§ **Exercise goal**
The full listing should be written out verbatim, and its images should be dropped.
═════ Available data ═════
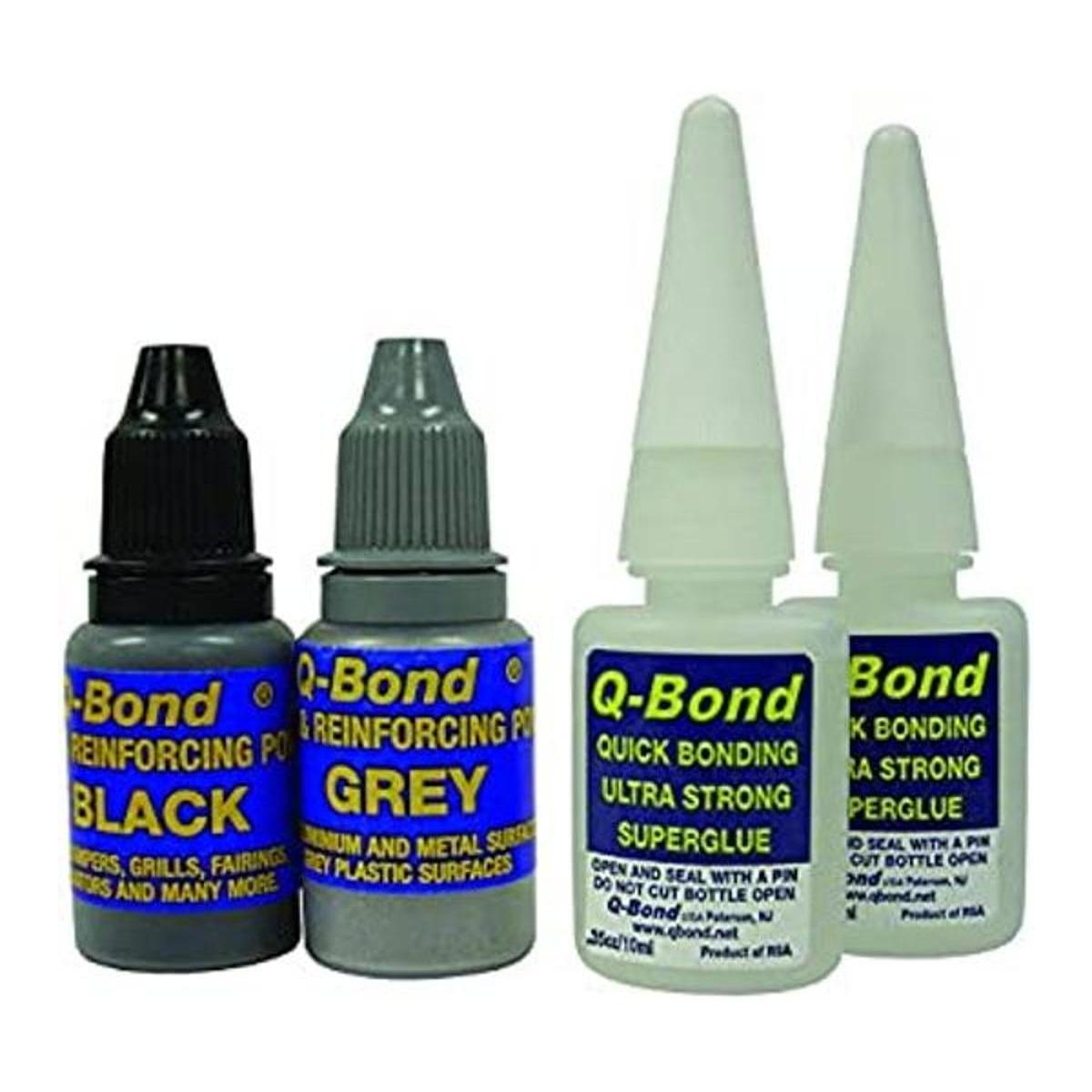 QBond QB2 Kit de reparación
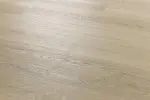 ARBITON WOODRIC EIR SPC/vinyl vízálló padló, Brandon Oak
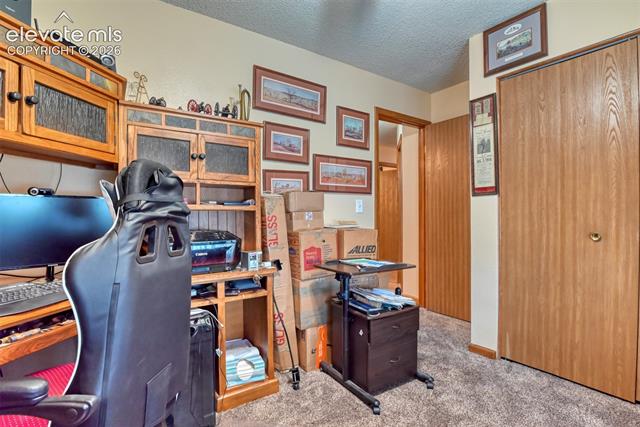 MLS Image for 5055  Wainwright  ,Colorado Springs, Colorado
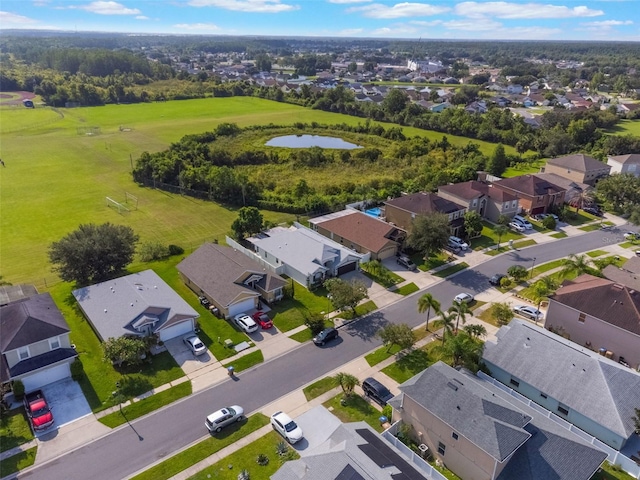 2335 Andrews Valley Dr, Kissimmee, FL 34758 - photo 45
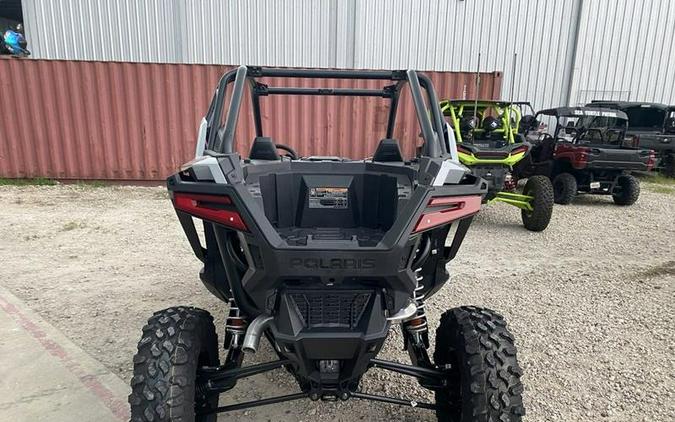 2024 Polaris® RZR Pro XP Sport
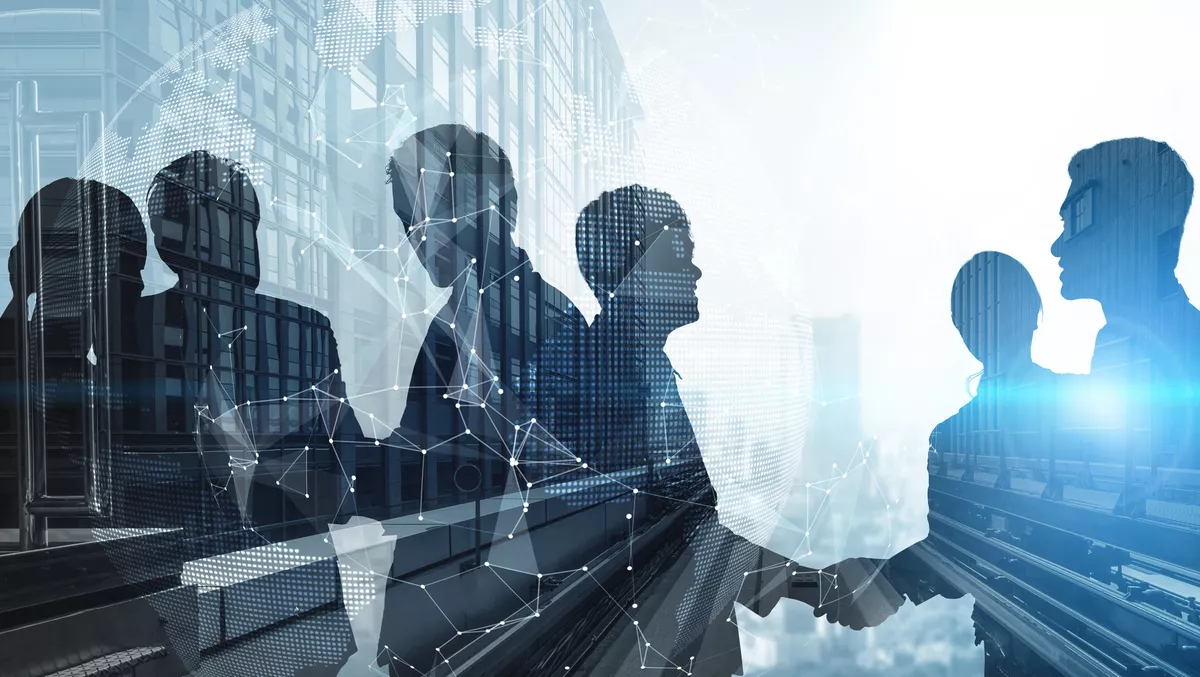Snyk announces plans to expand partner network in APJ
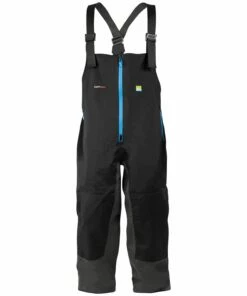 Preston DF30 Suit Clothing 8 Preston DF30 Suit Clothing -Preston Outlet Store Preston DF30 Bib Brace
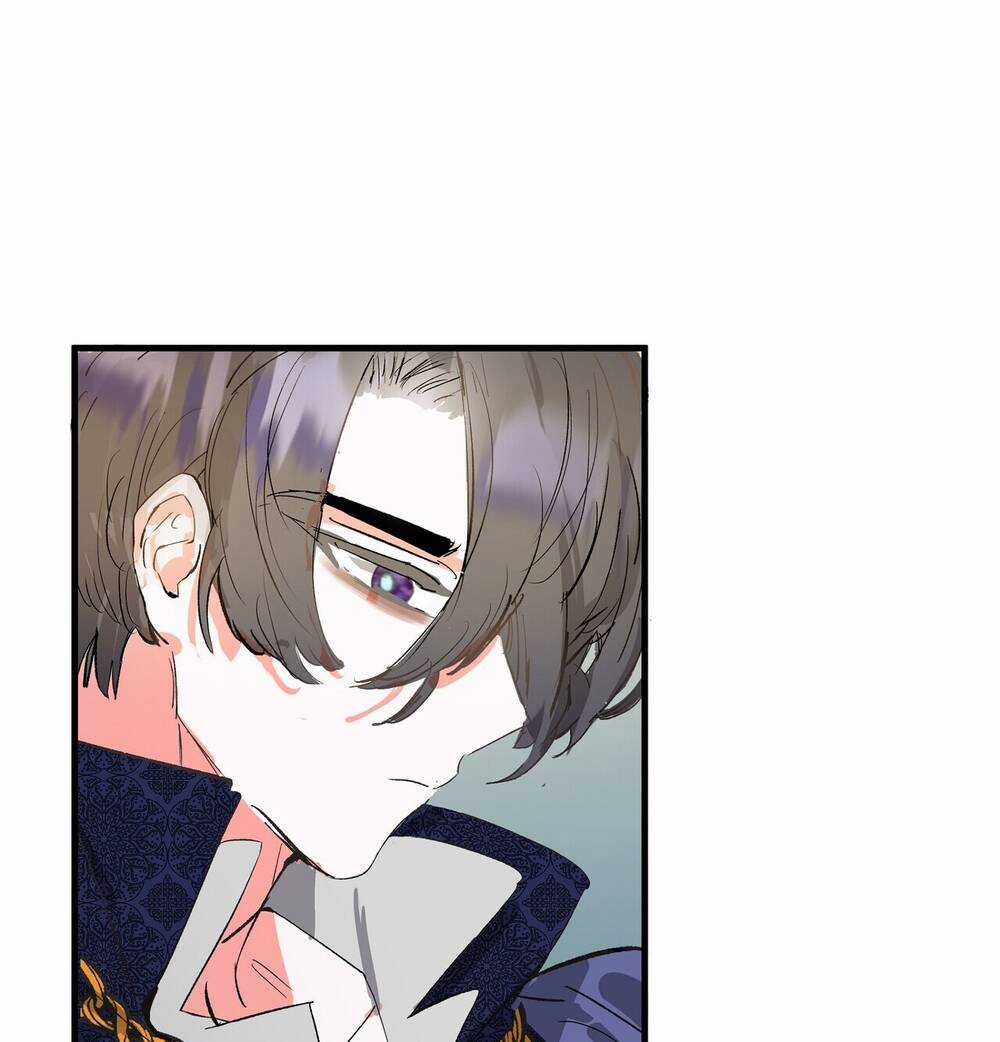 Nếu Ngài Cần Một Người Em Gái Giả Chapter 7.1 trang 7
═════
§ **Solved exercise**
 QBond QB2 Kit de reparación
 ARBITON WOODRIC EIR SPC/vinyl vízálló padló, Brandon Oak
 MLS Image for 5055  Wainwright  ,Colorado Springs, Colorado
 2335 Andrews Valley Dr, Kissimmee, FL 34758 - photo 45
 2024 Polaris® RZR Pro XP Sport
Snyk announces plans to expand partner network in APJ
 Preston DF30 Suit Clothing 8 Preston DF30 Suit Clothing -Preston Outlet Store Preston DF30 Bib Brace
 Nếu Ngài Cần Một Người Em Gái Giả Chapter 7.1 trang 7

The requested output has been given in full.